Veronica has aspirations to go to the top – to make co-news anchor. Burgundy
convinces Veronica to see him out of the office, insinuating that it may boost
her status around the office. The other men make crude passes on Veronica, and
it’s at this point that “Anchorman” looks like its seriously
going to make an attack on sexual harassment, and do something pointedly funny
about undervalued feminism. Instead, the movie makes the point to not do anything
more than to throw one-line punchlines around. A large number of guest star cameos come through the gates when the movie goes
into automatic pilot. I won’t reveal which actors show up, but I will
mention one (Spoiler alert.) There is a cameo by Jack Black, and he isn’t
given one decent joke in his entire appearance. The behind-the-camera team of
this movie must have figured that if they hired some funny people for a day,
they could come in and improvise something funny. It doesn’t happen. Bad
hairstyles and ugly neckties alone can’t make an actor more interesting.
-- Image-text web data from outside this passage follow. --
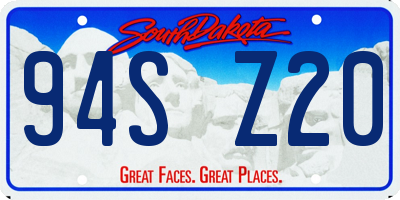 SD license plate 94SZ20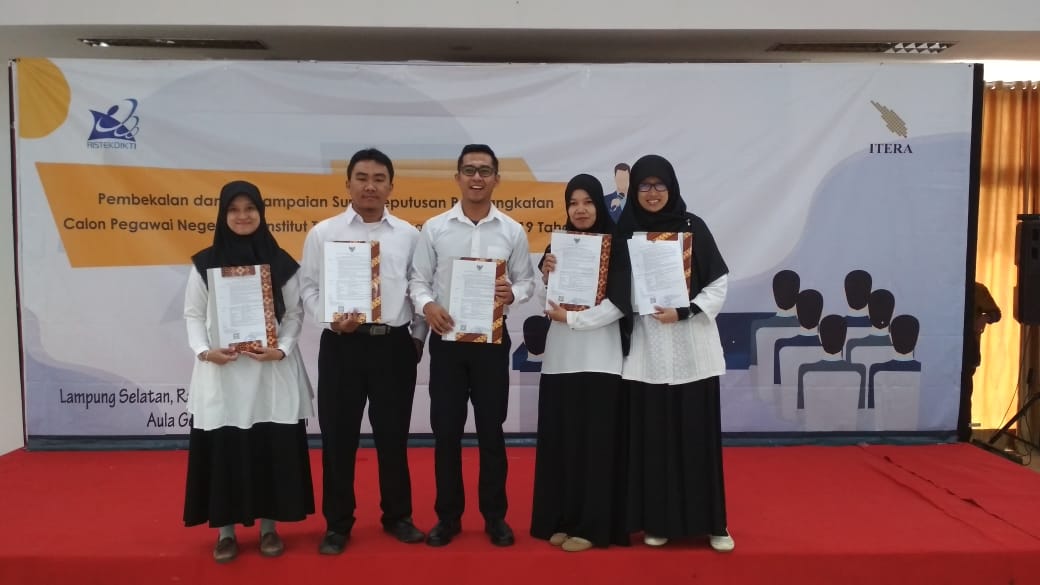 Selamat yaa Pembagian SK CPNS Dosen Teknik Elektro ITERA 2019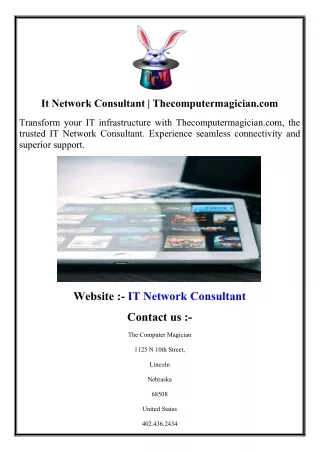 It Network Consultant  Thecomputermagician.com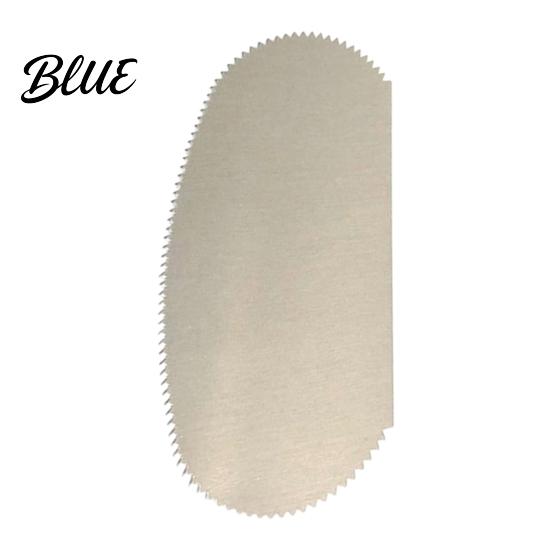 Dough Divider for Bread Stainless Steel Cake Scraper with Multi-faceted Sawtooth Rectangle/Pentagon/Triangle/Semi-circle Shape Cream Smoother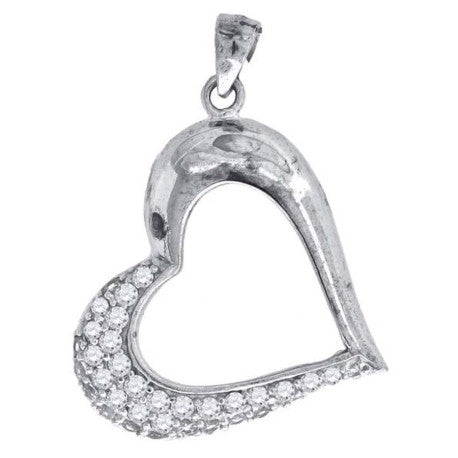 925-Cz Heart Pendant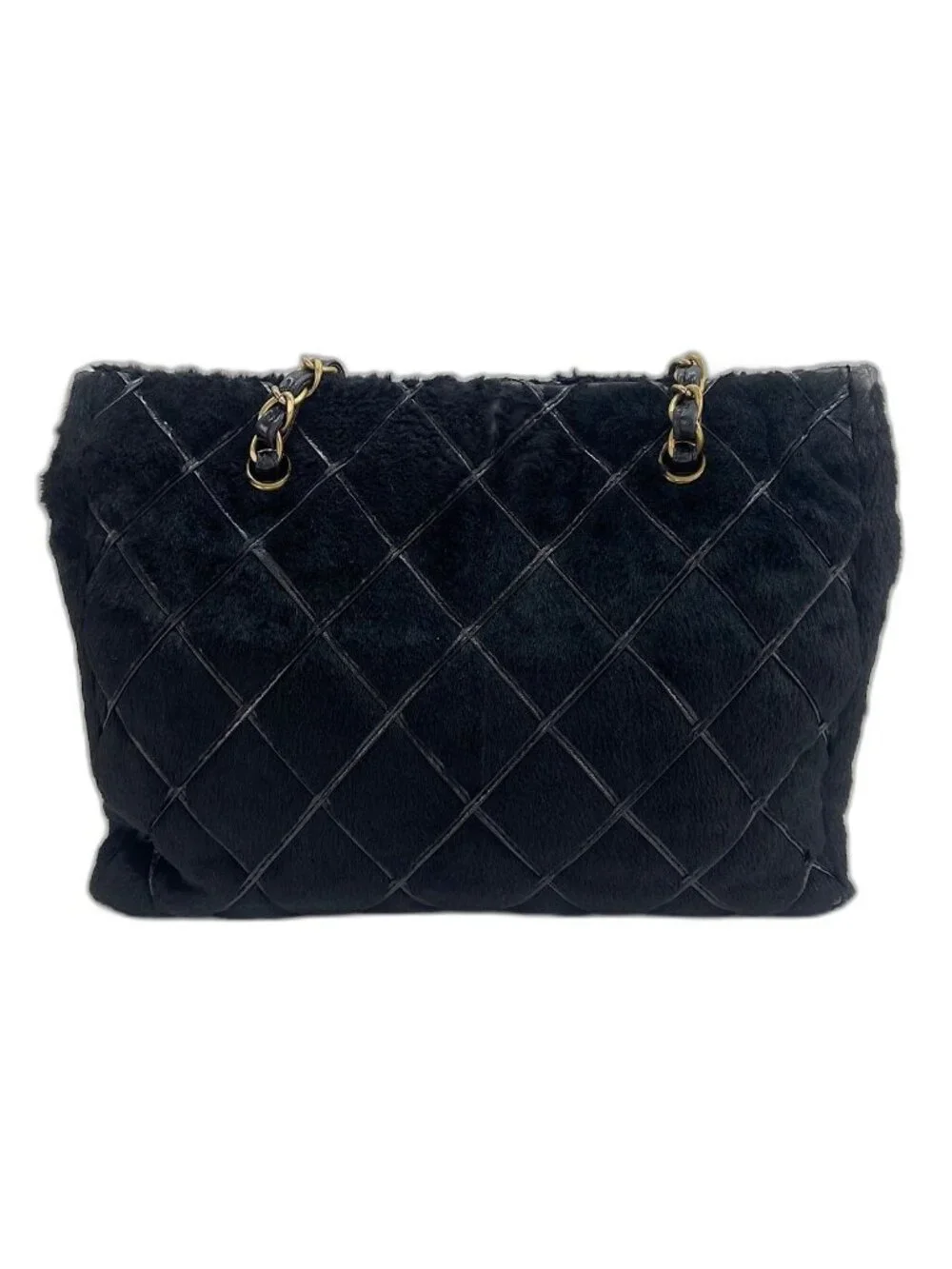 Chanel Tote Bag Quilted Black
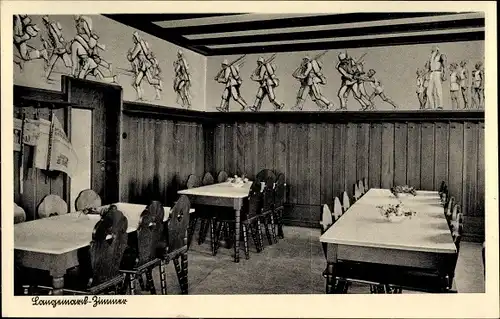 Ak Freyburg an der Unstrut, Jahnheim, Turnerheim und Jugendherberge, Inneres, DJH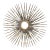 Vintage MCM Wrought Iron Sunburst For Sale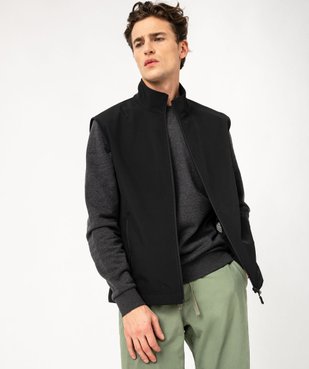 Blouson sans manches avec col montant homme vue1 - GEMO 4G HOMME - GEMO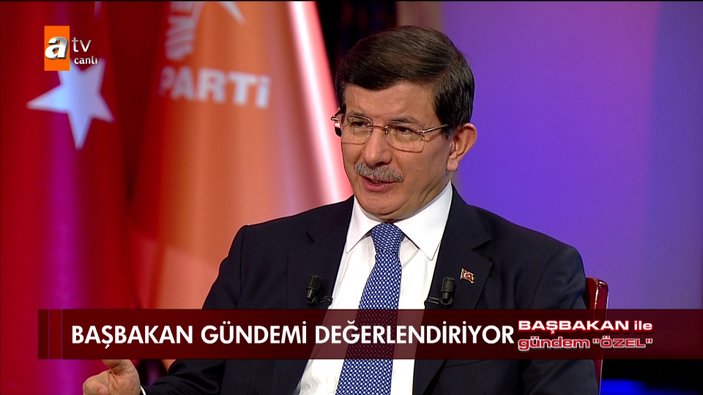 Başbakan Davutoğlu A Haber'de gündemi değerlendirdi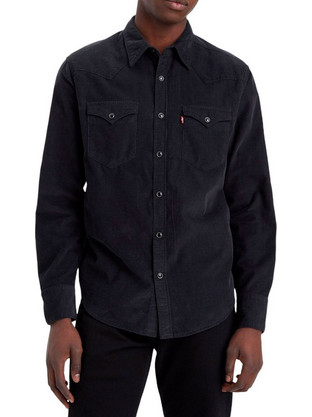 Levi's Barstow Western Standard Ανδρικό Πουκάμισο Τζιν Μακρυμάνικο Κανονική Γραμμή Navy Μπλε 85744-0078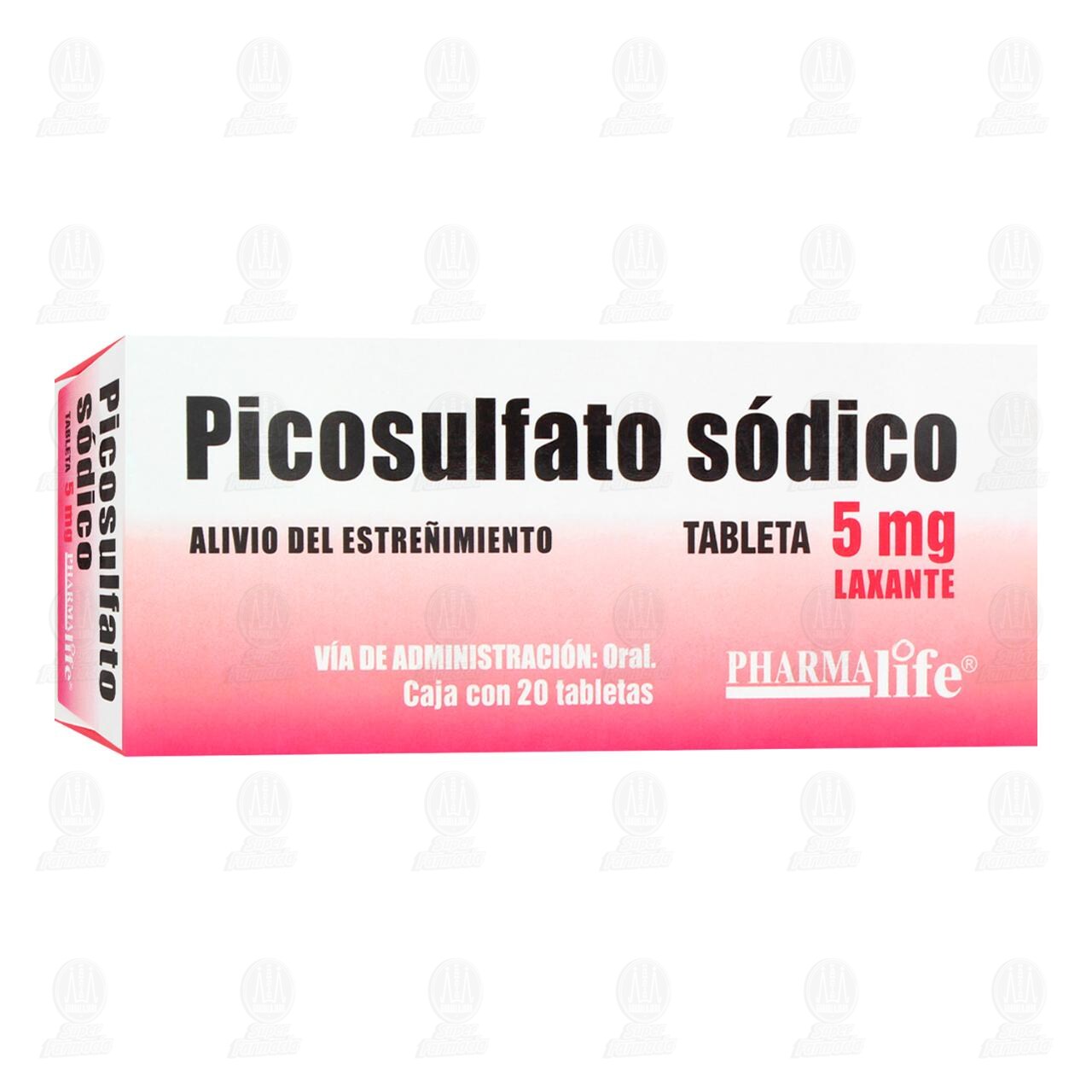 Picosulfato S&oacute;dico 5 mg, 20 Tabletas Pharmalife. image number 0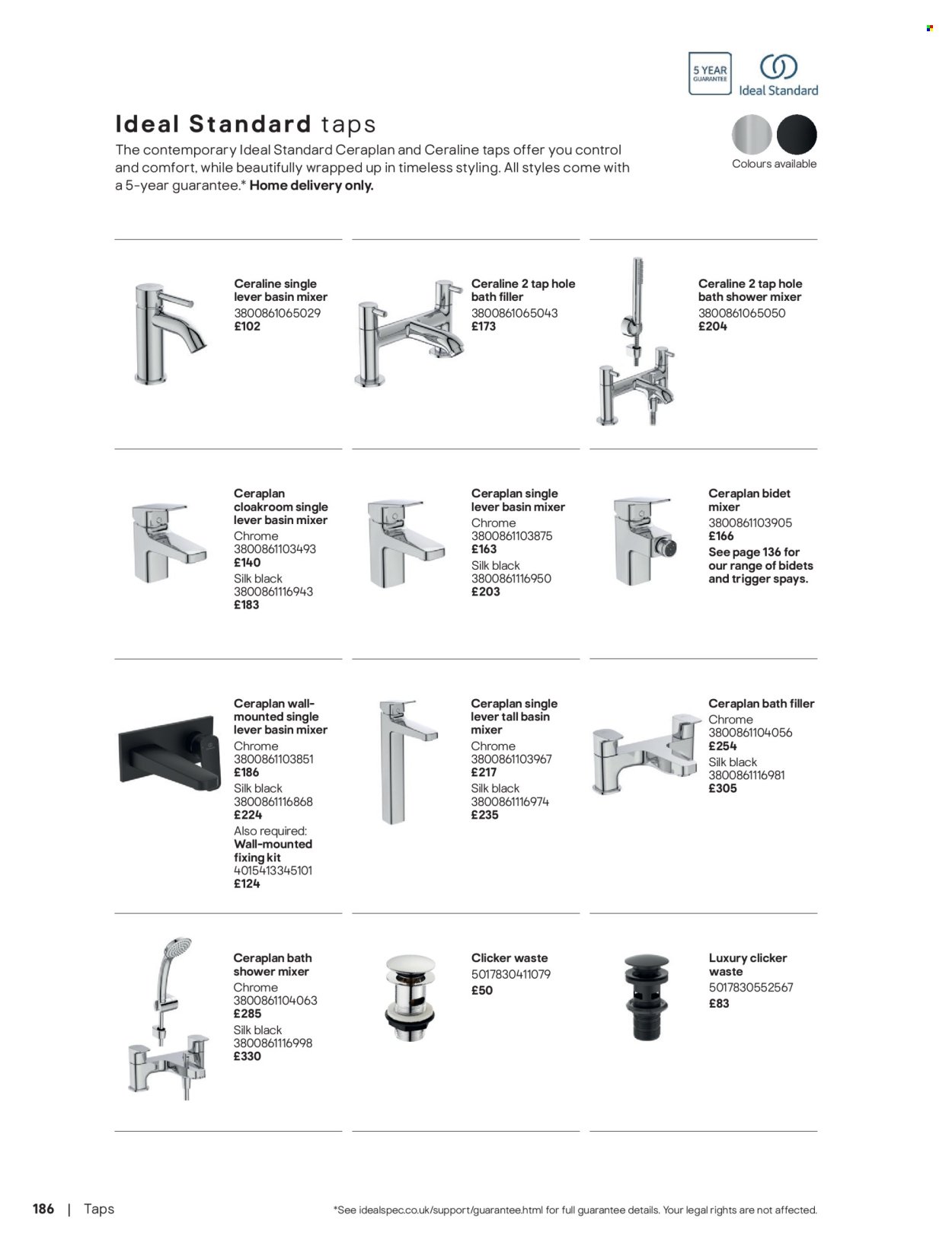 B&Q offer - Bathroom collections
There is also a gang war that breaks out between competing Southern California
news teams. The whole sequence is kind of outlandish and over-the-top (it has
echoes of “Braveheart” and “Gladiator”), but it can’t
be worth more than a chuckle or a sigh maybe. “Anchorman” makes
the unfortunate decision of following one fight sequence with yet another fight
sequence right afterwards, that is miserably unfunny. That is repetition practiced
at its worst. The rest of the movie plummets from there. The failure to produce a satisfying
second-half to the movie simply has to do with the lackluster script. Ferrell
co-wrote the film with Adam McKay (who also directed), and together they seemed
to have come up with funny concepts but couldn’t execute anything exciting
or original out of their ideas. “Anchorman” should have tons of
laughs considering its potential targets: network news, swinging sex, stifled
feminism, bad disco. Instead, the movie throws its characters into a bear pit
at the San Diego zoo. Nothing newsworthy happening there.